Ricardo Mexia, presidente da Associação Nacional de Médicos de Saúde Pública (ANMSP), também salienta que a garantia da qualidade do ar é "importante mesmo sem o contexto pandémico". "Assistimos todos os anos a problemas térmicos, com crianças que levam mantas para a escola e o inverso também. Não são situações ideais. A ventilação é um recurso útil neste momento, mas no inverno torna-se mais difícil de implementar. Contudo, salienta a previsão de um risco mais reduzido de contágio "não só porque crianças e jovens estão a ser vacinados, mas porque os familiares diretos também foram inoculados".

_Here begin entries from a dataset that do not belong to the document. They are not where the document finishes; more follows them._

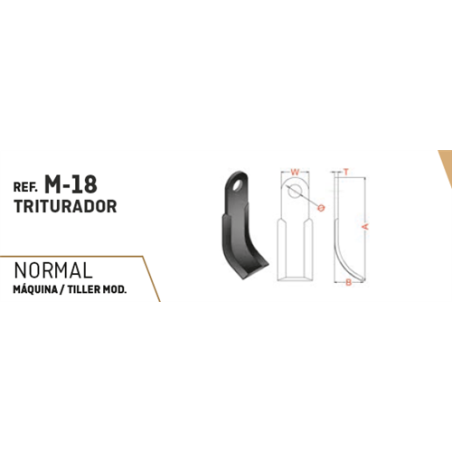 MARTILLO M-18 60X10 T-26 AGRATOR 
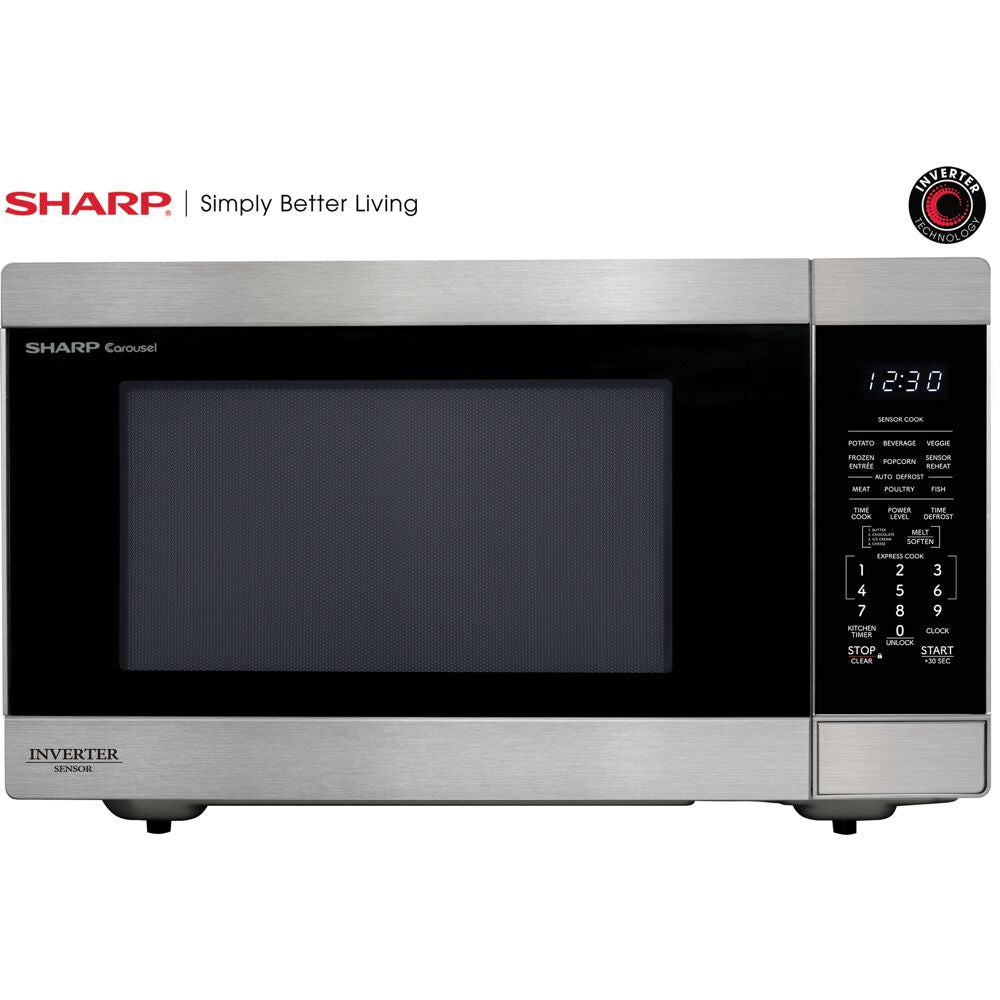 Sharp SMC2266KS 2.2 CF Countertop Microwave Oven, Inverter Technology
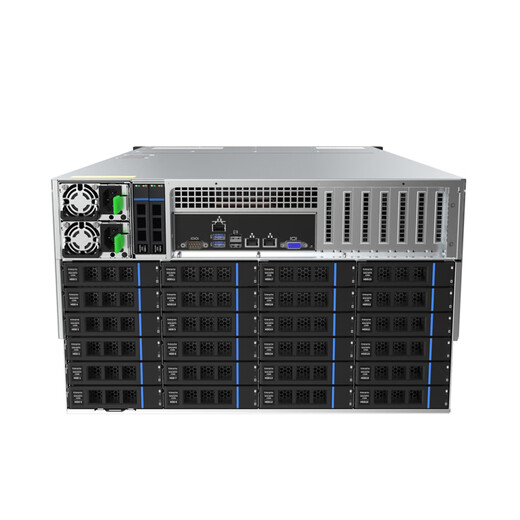 Mojing 6U Server Châssis RMC6160-695-HSE 24 DISCES PRISE SATA / SAS DISK HARD avec 12 Go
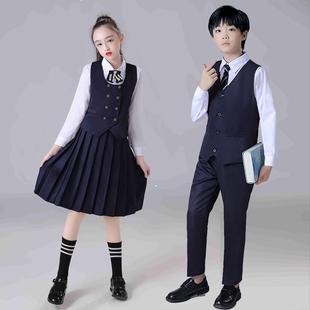 儿童合唱演出服中小学生歌唱比赛服装学院风男女童套装演讲礼服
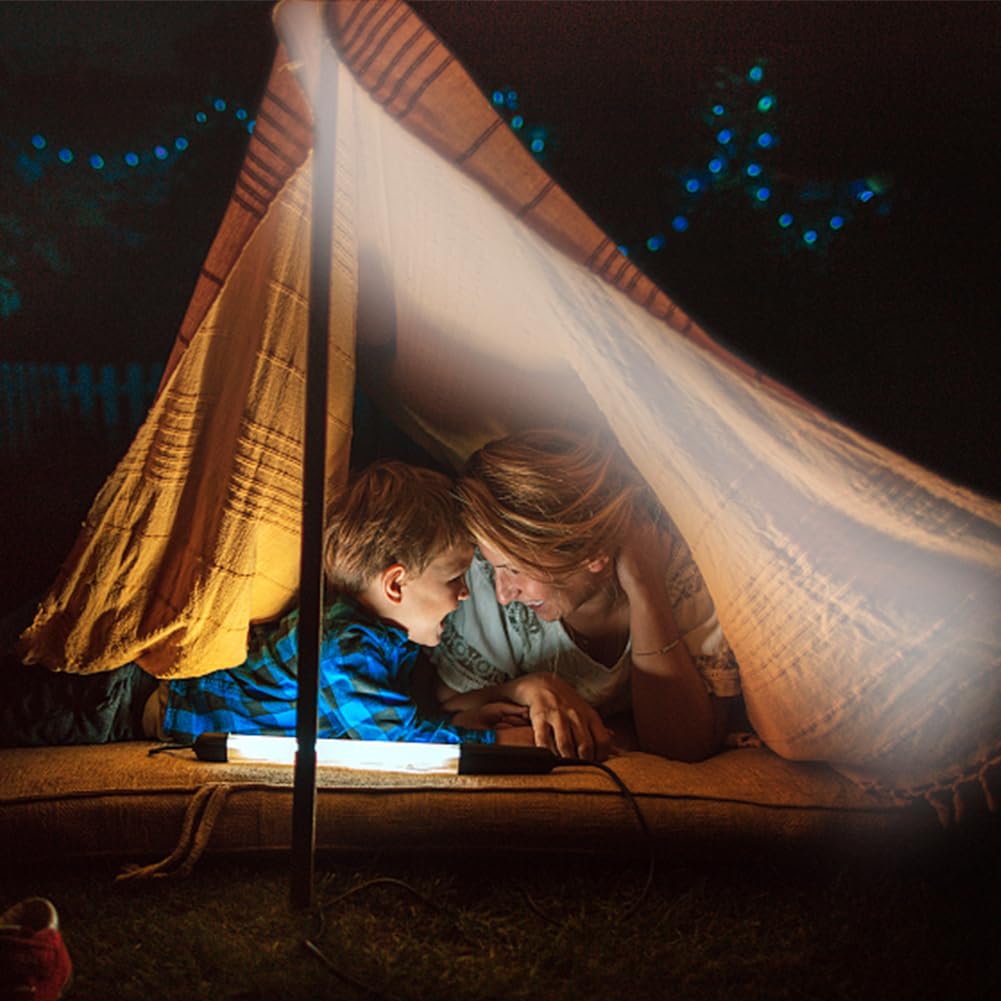 Battery Operated Led Strip Lights - Warm White 3000K, Waterproof, Self-Adhesive, Flexible, Cuttable - 13.2FT for TV, Mirror, Kitchen, Cupboard, Bedroom Decor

Já no que se refere à possível mudança na utilização obrigatória de máscara em espaços abertos, o presidente da ANMSP defende a sua manutenção. "As máscaras nas escolas ou noutros locais acaba por ser um mecanismo que reduz o risco e permite continuar as atividades. As máscaras continuarão a ser essenciais. Em alguns grupos, a utilização de máscaras até deveria continuar mesmo após a pandemia, designadamente nos grupos mais vulneráveis", salienta. Sobre a possibilidade de vacinar os menores de 12 anos, Mexia avança estarem já a "fazer ensaios nessa faixa etária". "Sabemos que nas crianças mais jovens o risco é mais baixo, mas se houver benefício não vejo porque não tomar essa decisão", conclui.